Adam and Eve knew that God is good.  He created the entire universe for mankind and provided all they needed to live in comfort, in peace, and in joy.  But Satan convinced them that God is not good.  Satan convinced them that a loving God would not have laws or standards and would not forbid anything that might make people happy.  Adam and Eve bought Satan's lie, and they rebelled against God.
So, when God appeared to them in the Garden, God had not changed.  He never does.  But mankind had changed.  They were terrified of God.  They tried to hide from him.  They wanted to keep at least part of their life a secret from him.  But hiding shame does not remove shame.  Fleeing from the scene of the crime does not take away one's guilt of the crime.
You and I have inherited Adam's and Eve's guilt.  We have added our sins and shame to theirs.  Sin marks us.  Death comes for us.  Satan owns us.

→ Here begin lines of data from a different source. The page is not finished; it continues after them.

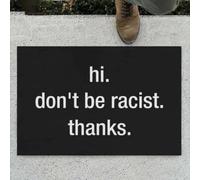 paillasson Exterieur Entree Salut ! Ne Soyez Pas racistes. Merci. Féministe. Autonomisation des Femmes. Tapis de Porte en Velours Doux et résistant.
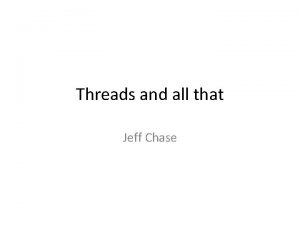 Threads and all that Jeff Chase Threads A
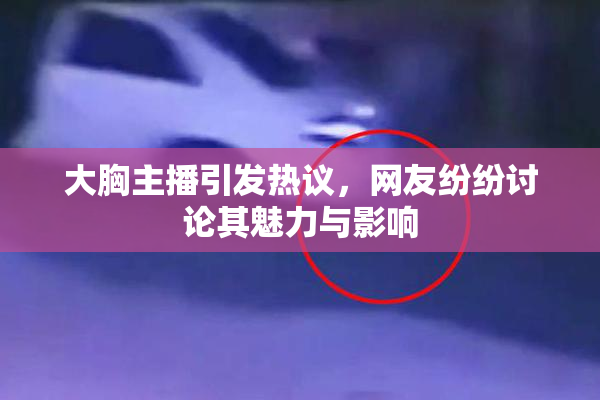 大胸主播引发热议，网友纷纷讨论其魅力与影响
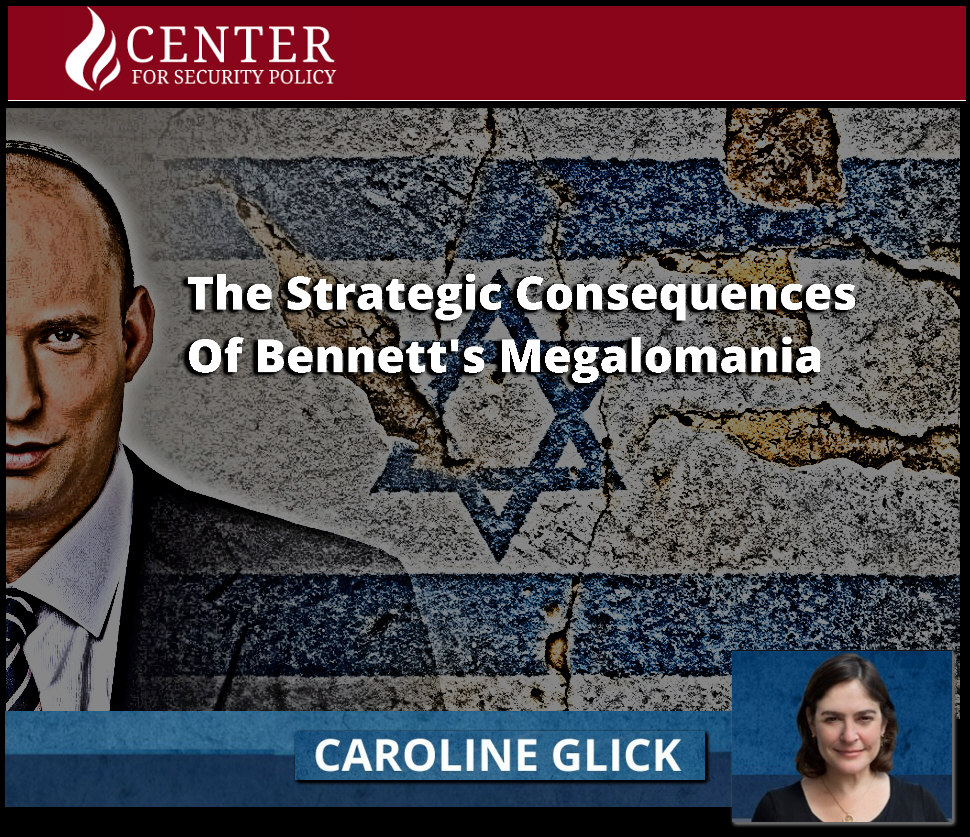 Read more about the article Strategic Consequences Of Bennett’s Megalomania
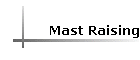 Mast Raising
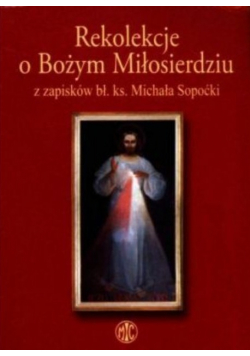Rekolekcje o Bożym Miłosierdziu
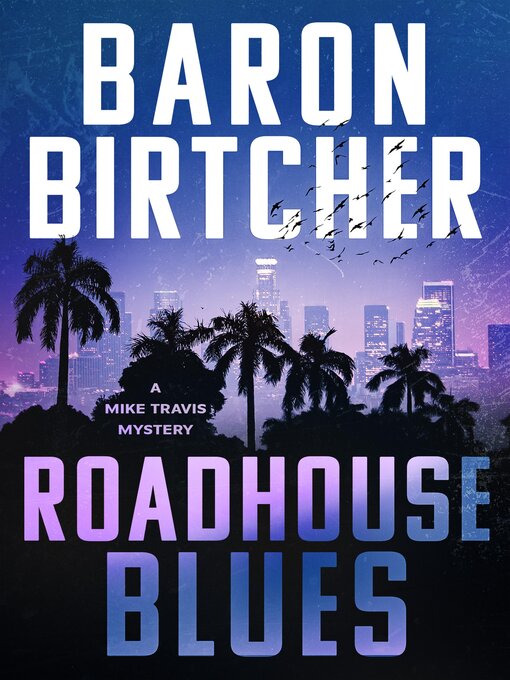 Title details for Roadhouse Blues by Baron Birtcher - Available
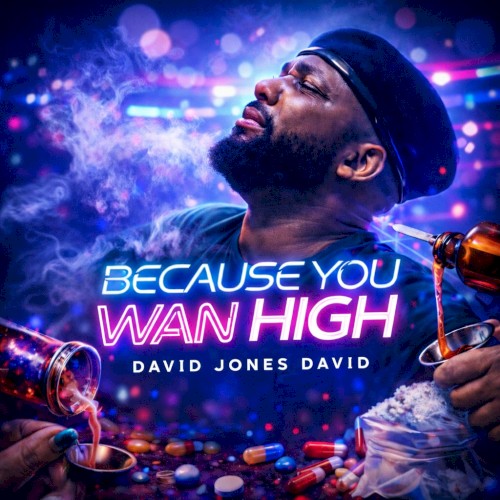 Because You Wan High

But God is good.  He promised a Savior as soon as one was necessary.  He extended mercy even though it was not sought after.  He would crush Satan's head to set us free from him, and to reverse the curse of sin and death.  He would take the venom for us and endure bitter death in our place.  Satan would bite at him, but he would smash in his teeth and squash his head.  Thanks to the Savior, sin would be forgiven.  The grave would give back its dead.  And we are removed from Satan's grasp to God's kingdom.
In this we rejoice; for, the curse is removed, God is good, and he is good to us.


7th Lesson Luke 2:8-20
The shepherds visit the manger

Gloria in excelsis Deo!  That is Latin.  In English: Glory to God in the highest!
The glory of God is that he loves us.  He loves what he has created.  He loves the people to whom he gave life.  But it is more than that.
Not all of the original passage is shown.